**DATASET RECORDS**
============================================================
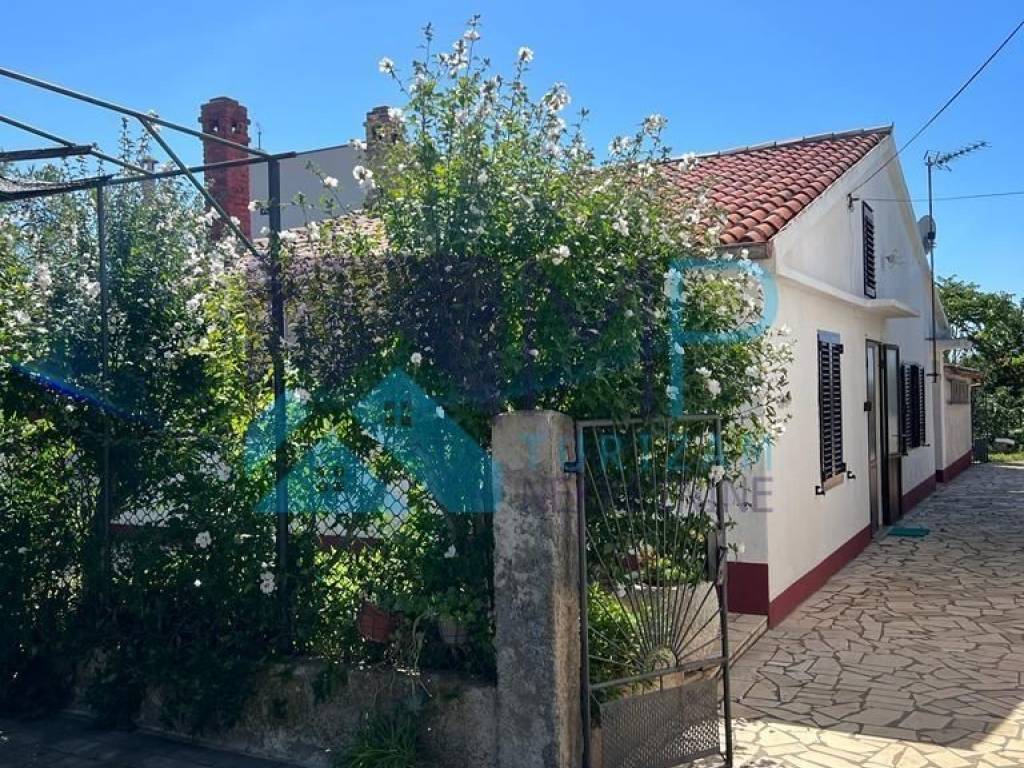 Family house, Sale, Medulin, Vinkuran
============================================================
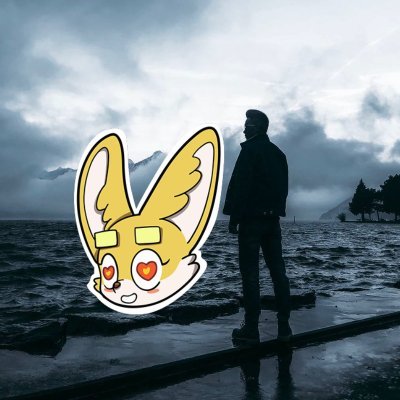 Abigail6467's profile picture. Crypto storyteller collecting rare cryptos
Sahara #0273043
============================================================
**ACTION ITEM**
Only one part of the listing is wanted: the lines from the one containing "Abigail6467's profile picture." through the one containing "Sahara #0273043", both included. Please transcribe it exactly, leaving out the pictures.

**ANSWER SECTION**
 Abigail6467's profile picture. Crypto storyteller collecting rare cryptos
Sahara #0273043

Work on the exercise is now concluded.